*Your objective*. Going line by line through the entries below, note each one with "Rainforest", then report how many there are and nothing else.

*Entries supplied*.
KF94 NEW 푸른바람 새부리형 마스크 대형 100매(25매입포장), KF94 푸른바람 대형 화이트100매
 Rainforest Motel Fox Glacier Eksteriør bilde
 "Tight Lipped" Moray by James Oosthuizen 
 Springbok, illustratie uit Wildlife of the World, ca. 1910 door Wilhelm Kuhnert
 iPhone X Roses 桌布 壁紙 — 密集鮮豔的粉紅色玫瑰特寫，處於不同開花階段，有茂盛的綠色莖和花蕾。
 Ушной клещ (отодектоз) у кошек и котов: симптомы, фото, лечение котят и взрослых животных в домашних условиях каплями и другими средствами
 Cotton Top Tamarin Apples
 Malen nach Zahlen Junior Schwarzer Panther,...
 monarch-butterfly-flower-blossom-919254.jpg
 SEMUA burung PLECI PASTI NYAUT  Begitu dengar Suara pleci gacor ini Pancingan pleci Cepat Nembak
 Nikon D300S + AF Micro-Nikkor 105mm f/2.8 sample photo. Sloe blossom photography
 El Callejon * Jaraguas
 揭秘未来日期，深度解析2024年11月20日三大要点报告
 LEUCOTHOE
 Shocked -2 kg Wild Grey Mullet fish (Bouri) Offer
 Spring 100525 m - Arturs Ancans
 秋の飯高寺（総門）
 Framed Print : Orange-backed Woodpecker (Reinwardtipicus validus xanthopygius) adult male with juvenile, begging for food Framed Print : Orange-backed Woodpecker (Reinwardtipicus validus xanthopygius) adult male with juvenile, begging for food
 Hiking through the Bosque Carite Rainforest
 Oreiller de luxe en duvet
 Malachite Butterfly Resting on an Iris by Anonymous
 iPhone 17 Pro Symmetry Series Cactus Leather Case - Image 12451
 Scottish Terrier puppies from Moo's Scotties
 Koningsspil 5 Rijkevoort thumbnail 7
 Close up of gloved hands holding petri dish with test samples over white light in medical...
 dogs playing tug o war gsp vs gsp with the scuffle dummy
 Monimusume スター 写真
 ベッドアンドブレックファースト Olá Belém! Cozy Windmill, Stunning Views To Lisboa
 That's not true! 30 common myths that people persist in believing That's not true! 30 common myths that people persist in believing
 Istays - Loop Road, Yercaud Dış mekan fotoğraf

*Answer to the exercise*. 2